As shown in Fig. 2, there was a significant positive correlation between the clinical activity index and the mREE/body weight ratio. However, there was no significant correlation between the CRP and mREE/body weight ratio.
Discussion
This is the first report on the resting energy expenditure in Japanese patients with UC. This study showed that the mREE measured by IC in hospitalized UC patients was significantly higher than in healthy controls, indicating a hyper-metabolic status of the active UC patients. Recently, we examined the energy metabolism in Japanese CD patients by indirect calorimetry, and showed that the mREE of CD patients was 24.4 ± 2.4 kcal/body weight/day [13]. These combined observations suggest that energy metabolism in UC patients was increased to a much greater extent than in CD patients.
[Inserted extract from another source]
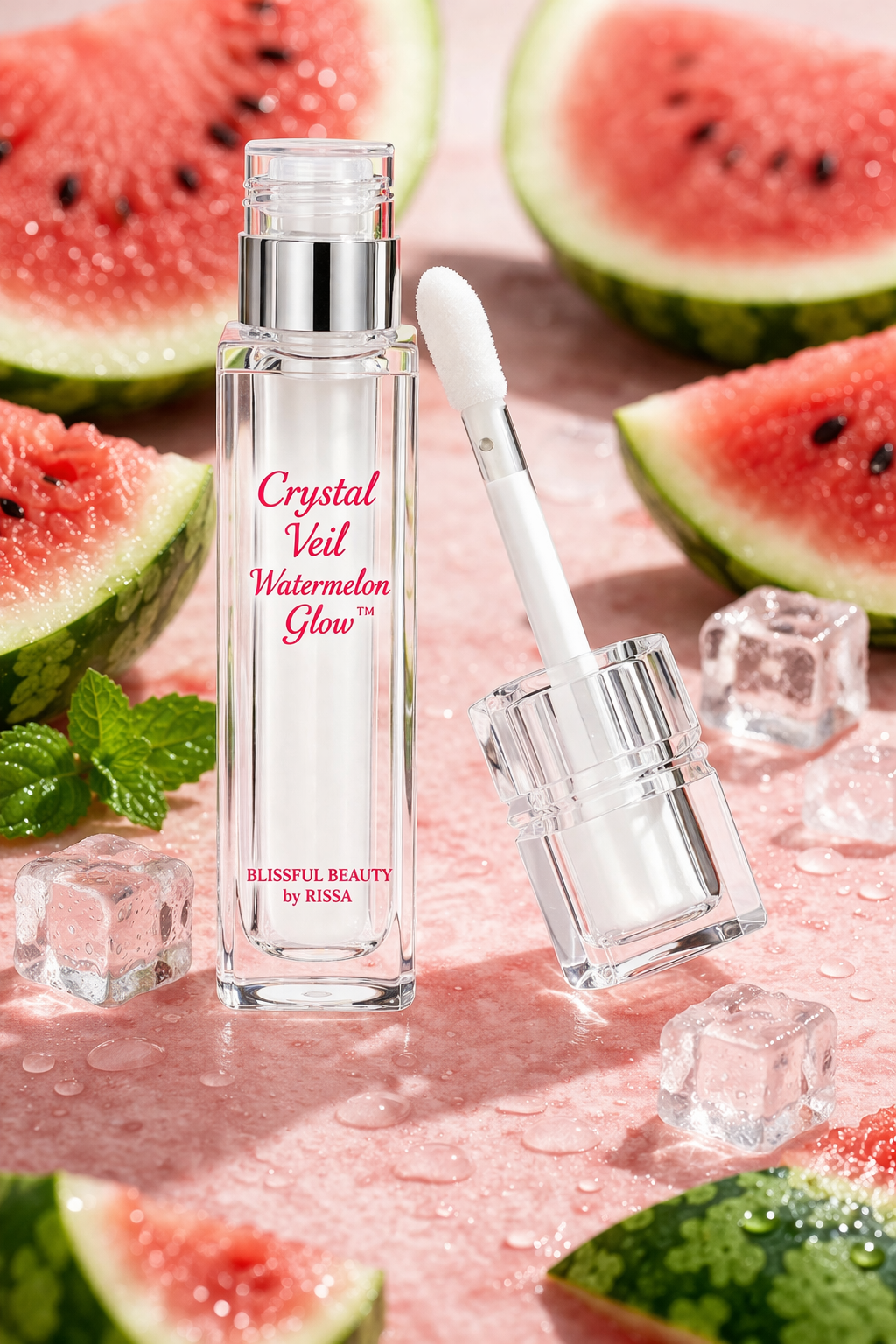Crystal Veil Watermelon Glow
The resting energy expenditure (pREE), calculated by the Harris-Benedict equation, has been widely used to evaluate the energy status of patients [5]. The total energy requirement is calculated by pREE × activity factor × stress factor [6]. Theoretically, the pREE is expected to be equal to the mREE in healthy humans, and the mREE/pREE ratio is a marker for a hyper-metabolic status [12]. From our results, the mREE/pREE in the healthy controls and UC patients were 94.8 ± 10.2% and 100.2 ± 14.8%, respectively. The stress factor in patients with IBD is reported to be 1.1–1.3, similar to patients with cancer or chronic obstructive pulmonary disease. This adjustment may result in an actual energy requirement increase of approximately 45 kcal/kg/day. Energy requirements are often lower than the predicted requirements if the patients are not very lean with a low fat mass [4]. Our study suggests that 30–35 kcal/ideal body weight/day may be optimal for severe or moderate hospitalized UC patients, and suggests that the calculation by pREE × active factor × 1.1–1.3 as a stress factor may be over the energy requirement for active UC patients. High-energy intakes during TPN therapies also have the risk of overfeeding.
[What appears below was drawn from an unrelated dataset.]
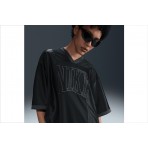 Nike Sportswear Street Γυναικείο Κοντομάνικο T-Shirt Μαύρο, Ανθρακί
In this study, we showed that disease activity affected the energy expenditure in adult UC patients. Proinflammatory cytokines such as interferon-γ or tumor necrosis factor-α have been reported to have significant effects on energy metabolism in patients with systemic inflammatory diseases, including IBD [20–24]. There was no significant correlation between the mREE and CRP in our study. Previously, Wiskin et al. reported that there was no significant correlation between mREE and CRP in children with inflammatory bowel disease [25], and our present result confirms their report. The disease activity score and CRP sometimes do not move in parallel in active UC patients [26, 27]. Osada et al. reported that clinical symptoms reflected the activity of distal colon, whereas CRP reflected the activity of proximal colon [28]. In this study, there was no significant relationship between activity index and CRP in severe or moderate UC patients.
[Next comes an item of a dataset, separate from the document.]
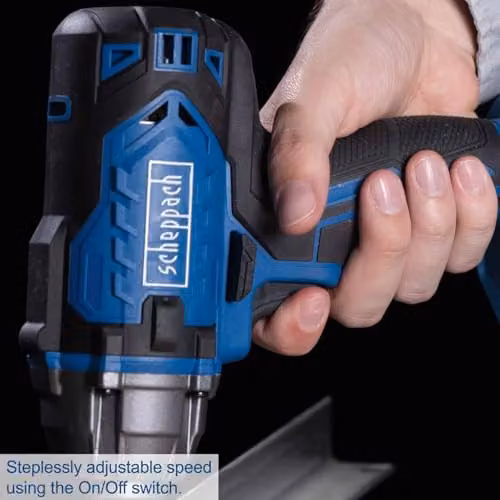 Scheppach C-ID180-X Cordless Impact Driver, 20V Blue, 180Nm Torque, 2800rpm, with LED Light and Belt Clip (Bare Tool) – 3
Previously, it has been reported that the RQ is lowered in active IBD patients [12, 15]. A reduced RQ means that fat, but not carbohydrate, is mainly utilized as the fuel substrate, which resembles a starvation pattern. However, the RQ in active UC was 0.92 ± 0.12, and was significantly higher than that in the healthy controls. This unexpected result can be explained by continuing parenteral nutrition during the measurements by indirect calorimetry, whereas the healthy controls were examined after overnight fasting. To determine the nutritional substrate metabolism in active UC patients, further studies are necessary in subjects who had not started parenteral nutrition or steroid therapy.
In conclusion, moderate to severe UC patients have a hyper-metabolic status, and there is a significant positive relationship between their resting energy expenditure and disease activity. From our results, the daily energy requirements for Japanese patients with moderate to severe UC are recommended as 30–35 kcal/ideal body weight.